| Instructions for the task |
Word for word, repeat the entries, minus the pictures.

(Provided data Opens)

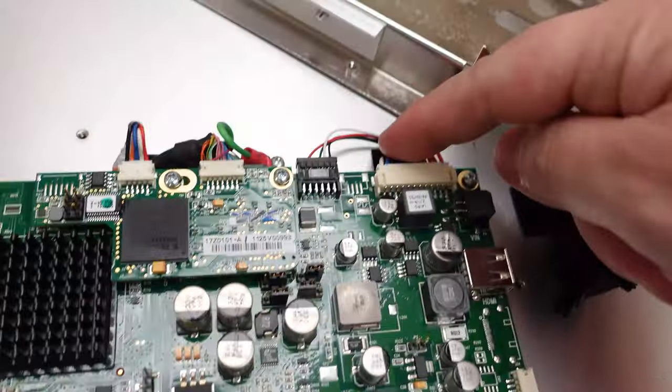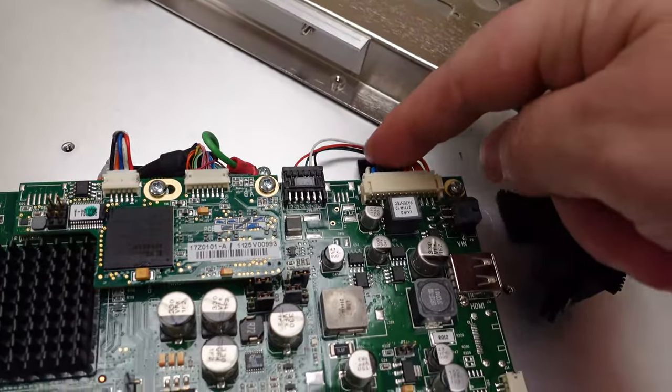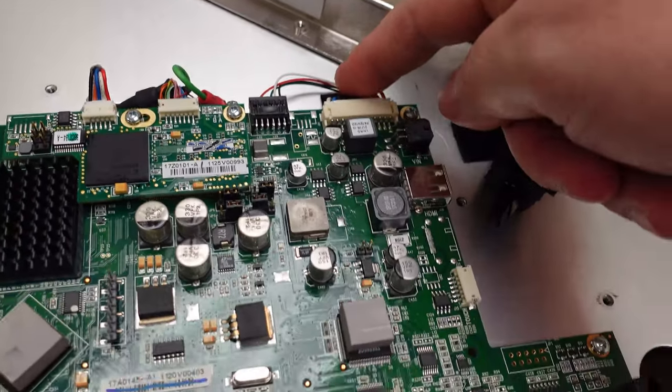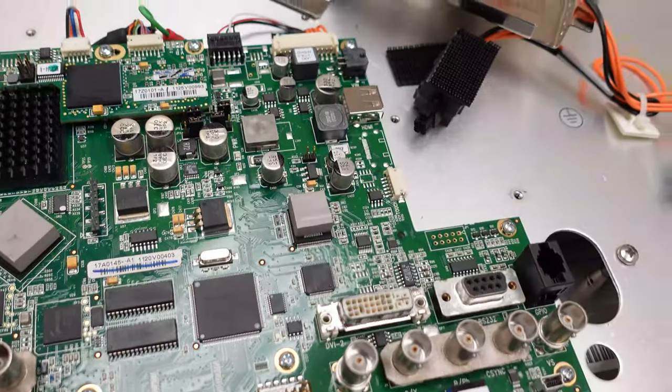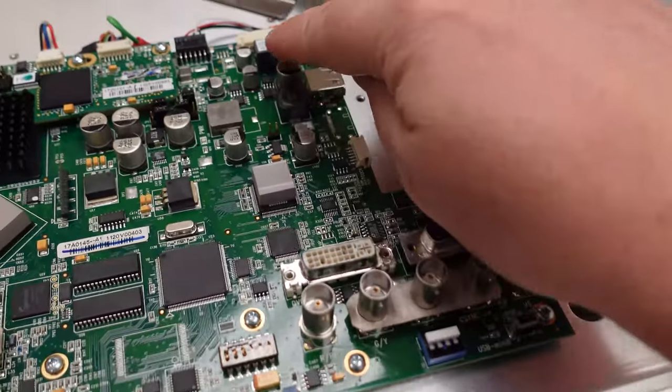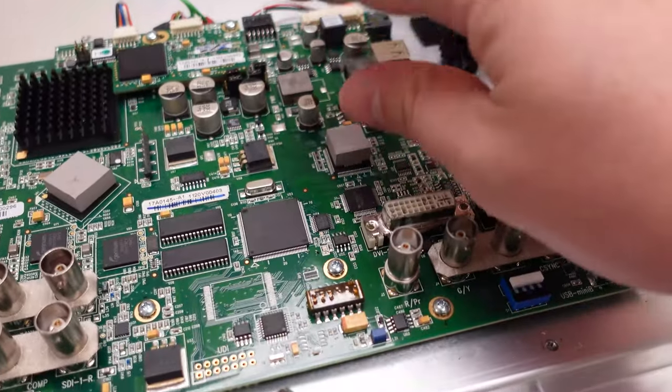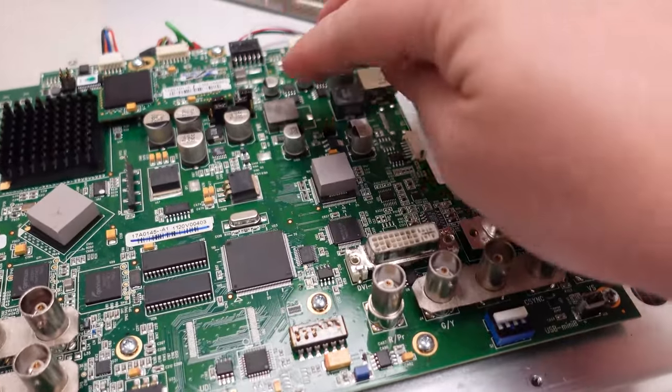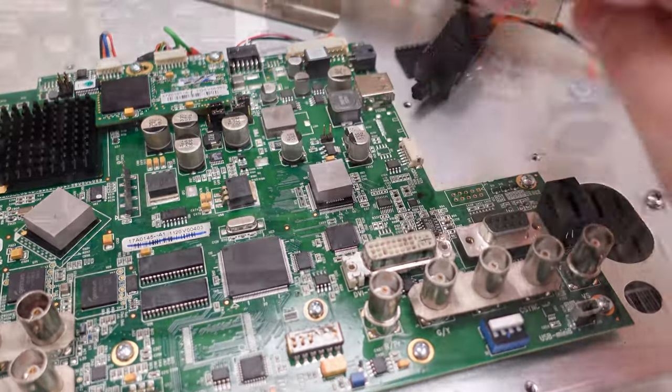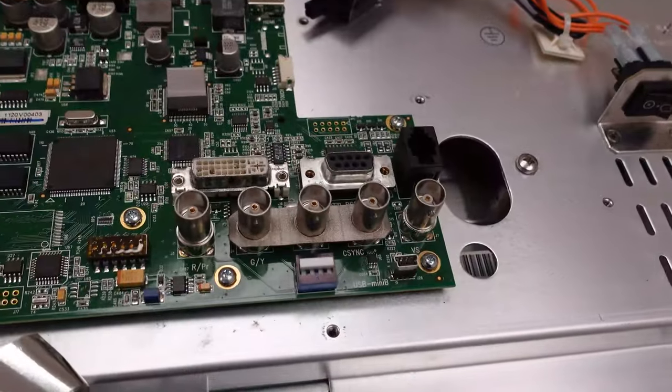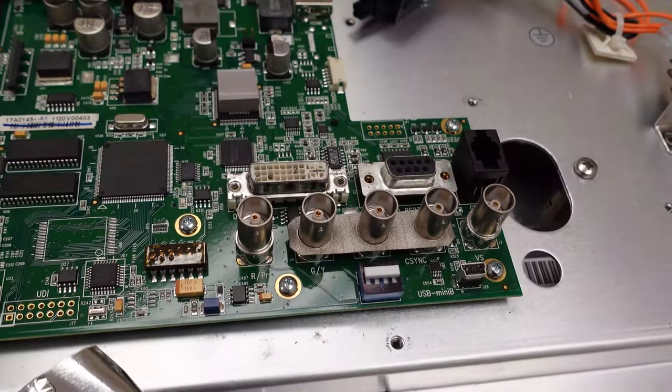This one right here is your power that goes in for your backlighting. You see all this stuff going on over here? This is for your LED backlighting. You can see it's actually a very simple board.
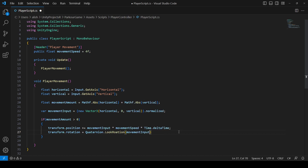...transform.rotation will be equal to Quaternion.LookRotation, and we pass the movement input. So if the player presses the left movement key, the game player will look to the left.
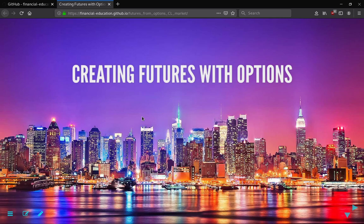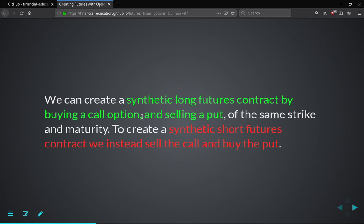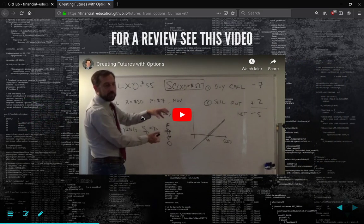This is a follow-up to creating futures with options, where we're going to pull real data from the futures market. We're going to stream real data from futures and futures options markets and test whether the relationship we discussed holds. To remember: we can create a synthetic long futures contract by buying a call option and selling a put of the same strike price and maturity. Similarly, we can create a synthetic short position in a futures contract if we instead sell the call and buy the put on the same strike price and maturity. If you want a review of why this is so, you can view this video here, and it'll explain why buying a call and selling a put will create a synthetic long futures contract.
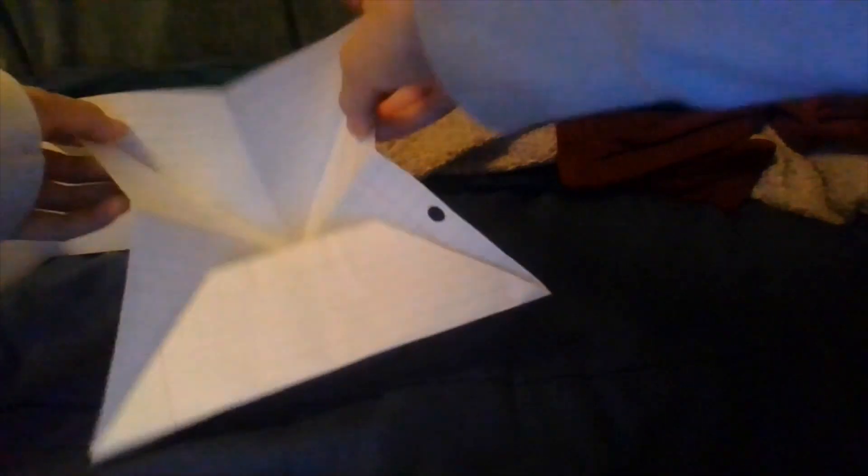To actually make this something, you're going to want to do this. Okay. And do the same on this side. Make sure it meets the corner and then you're done.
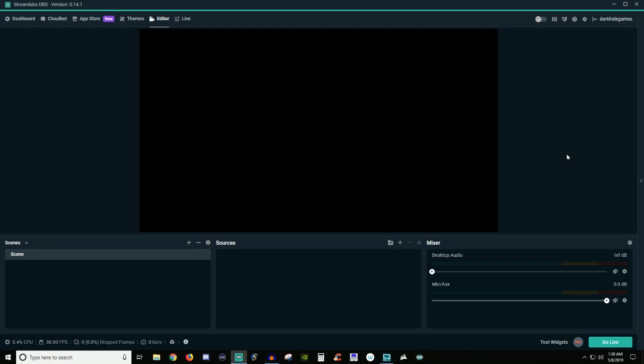How's it going everyone? John here and welcome back to another video. Today I'm going to be giving you guys a little bit more of an in-depth look on how to go ahead and put things together for a scene.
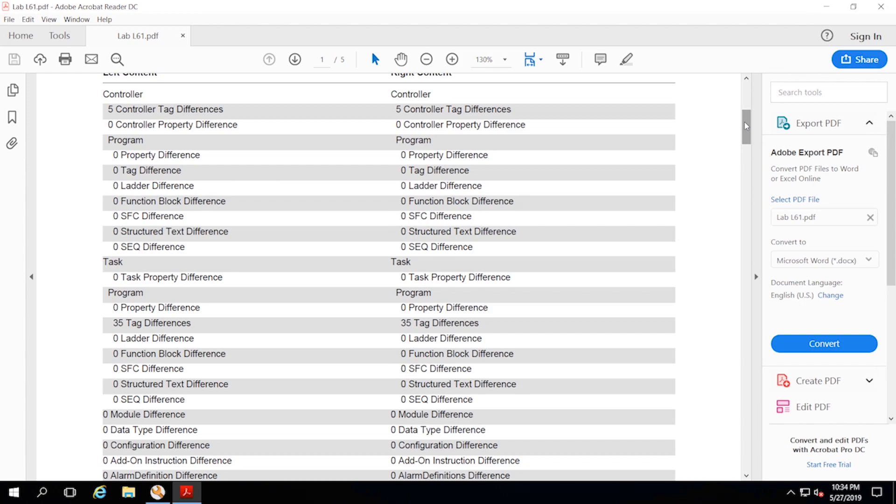This feature actually does a full upload of the program and uses the RSLogix 5000 compare tool to do a side-by-side analysis. So it checks the entire program from top to bottom including run comments, logic, adding tags, or even adding IO modules.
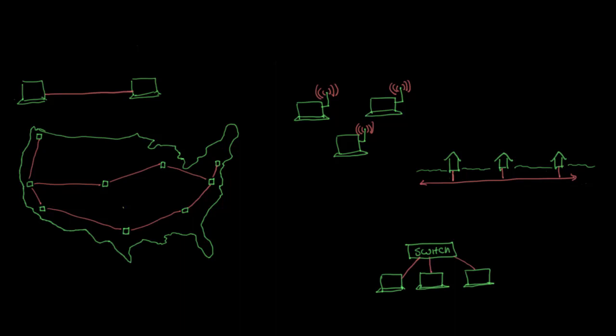Here I've drawn a few diagrams of some different data link types. On the left here, this is a simple point-to-point data link. The way it works is pretty simple. These two computers are connected, and if one of them wants to send information to the other, it just puts that information into frames. The other computer is directly connected, so of course it'll just receive those frames.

(Provided data Closes)

| Finished task |
This one right here is your power that goes in for your backlighting. You see all this stuff going on over here? This is for your LED backlighting. You can see it's actually a very simple board.
...transform.rotation will be equal to Quaternion.LookRotation, and we pass the movement input. So if the player presses the left movement key, the game player will look to the left.
This is a follow-up to creating futures with options, where we're going to pull real data from the futures market. We're going to stream real data from futures and futures options markets and test whether the relationship we discussed holds. To remember: we can create a synthetic long futures contract by buying a call option and selling a put of the same strike price and maturity. Similarly, we can create a synthetic short position in a futures contract if we instead sell the call and buy the put on the same strike price and maturity. If you want a review of why this is so, you can view this video here, and it'll explain why buying a call and selling a put will create a synthetic long futures contract.
To actually make this something, you're going to want to do this. Okay. And do the same on this side. Make sure it meets the corner and then you're done.
How's it going everyone? John here and welcome back to another video. Today I'm going to be giving you guys a little bit more of an in-depth look on how to go ahead and put things together for a scene.
This feature actually does a full upload of the program and uses the RSLogix 5000 compare tool to do a side-by-side analysis. So it checks the entire program from top to bottom including run comments, logic, adding tags, or even adding IO modules.
Here I've drawn a few diagrams of some different data link types. On the left here, this is a simple point-to-point data link. The way it works is pretty simple. These two computers are connected, and if one of them wants to send information to the other, it just puts that information into frames. The other computer is directly connected, so of course it'll just receive those frames.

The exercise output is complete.